Flow (left to right)
Cards always move left to right. A card doesn't skip a stage — even if there's nothing to review on a trivial change, the card still spends a few seconds in "In Review" while someone clicks approve. Skipping stages erodes the board's ability to show bottlenecks.
A card can move right-to-left, but only under specific circumstances: rejected in review, blocked, or being reopened. When that happens, mark it clearly (most teams flag the card with a colour or a 🚫 emoji). A card that keeps bouncing between "In Progress" and "In Review" is telling you the work isn't done yet; that's a useful signal.
Explicit policies
A good Kanban board has one line of text at the top of each column that describes what "done" means for that stage. Not the work itself — the exit criteria.

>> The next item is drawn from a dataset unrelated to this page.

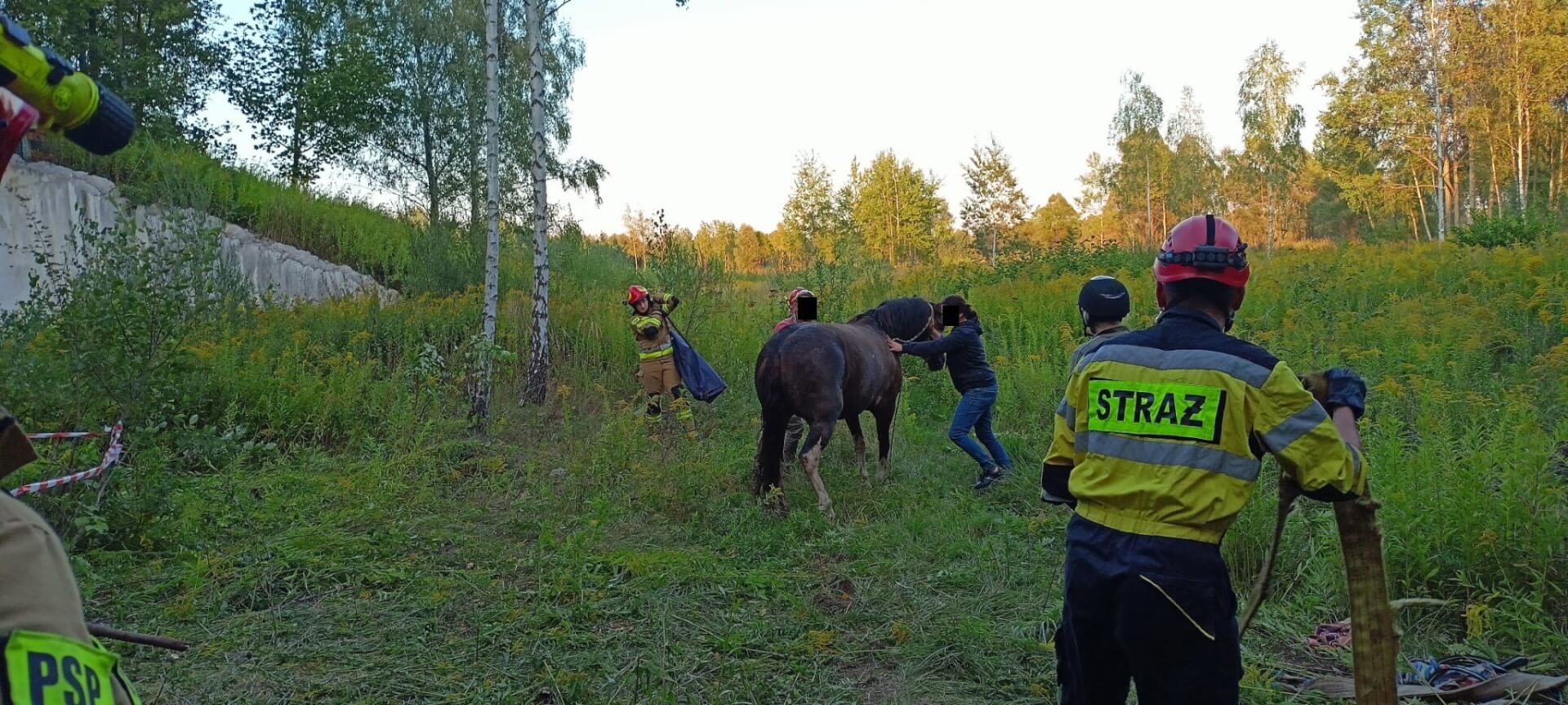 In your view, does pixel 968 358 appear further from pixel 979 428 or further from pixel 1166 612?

- In Progress → In Review: "code compiles, tests pass locally, PR opened".
- In Review → Done: "at least one approval, CI green, deployed to staging".

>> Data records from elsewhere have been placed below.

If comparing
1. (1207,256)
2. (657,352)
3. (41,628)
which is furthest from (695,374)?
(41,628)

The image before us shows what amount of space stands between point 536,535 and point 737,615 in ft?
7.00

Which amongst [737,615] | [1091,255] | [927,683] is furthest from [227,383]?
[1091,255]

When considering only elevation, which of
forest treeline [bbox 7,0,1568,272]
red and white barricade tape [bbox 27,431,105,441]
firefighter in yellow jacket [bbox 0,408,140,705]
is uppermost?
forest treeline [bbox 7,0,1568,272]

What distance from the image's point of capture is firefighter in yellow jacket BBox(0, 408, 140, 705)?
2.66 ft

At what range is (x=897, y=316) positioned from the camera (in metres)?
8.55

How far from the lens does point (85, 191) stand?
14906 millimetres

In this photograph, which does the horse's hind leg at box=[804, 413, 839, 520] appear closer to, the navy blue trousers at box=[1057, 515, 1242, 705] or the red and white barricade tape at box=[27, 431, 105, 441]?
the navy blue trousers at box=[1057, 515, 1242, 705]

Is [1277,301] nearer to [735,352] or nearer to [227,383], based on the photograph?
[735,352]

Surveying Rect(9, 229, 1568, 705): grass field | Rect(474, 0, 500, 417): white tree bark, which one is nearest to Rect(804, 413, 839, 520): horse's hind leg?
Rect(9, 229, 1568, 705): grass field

Without explicit policies, different team members interpret "done" differently and cards move forward prematurely. Writing the policy on the board in plain language removes the argument before it starts.
Reading a Kanban Board in Ten Seconds
Once the anatomy clicks, reading a board becomes a glance. Here's a scan-pattern that works on almost any board.

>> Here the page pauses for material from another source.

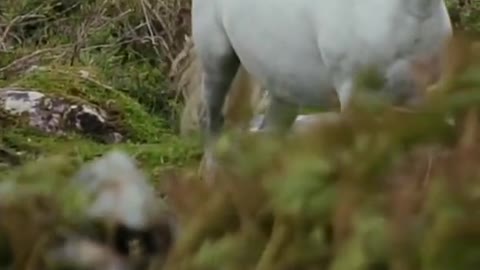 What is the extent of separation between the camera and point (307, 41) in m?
5.79

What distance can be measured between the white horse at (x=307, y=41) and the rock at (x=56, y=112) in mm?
1628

- Look at column heights. If one column is way taller than the others, that's the bottleneck. Work is arriving faster than it can exit.
- Look at card age. A card that's been In Progress for eight days while others move in two is stuck. Most Kanban tools tint old cards; on a physical board, a small dot drawn each morning works just as well.
- Look for red. Most teams use red to mark blocked cards. If there's red, don't start a new card — help unblock the red one first.
- Check WIP limits. Any column over its limit, or at its limit and growing, needs attention.
- Ignore Done for now. Done is the trophy case. It's nice at the end of the week; it's not the lens for "what should I do next".
Three Variations You'll Meet
Most teams customize the vanilla board. Three patterns show up over and over.
Swimlanes
A swimlane is a horizontal band across the board, cutting the columns into rows. Each row groups cards by a category: by priority (high / medium / low), by team (backend / frontend / design), by customer (Acme / Widgets Inc / internal), or by project. Swimlanes let two groups share one board without their cards getting tangled.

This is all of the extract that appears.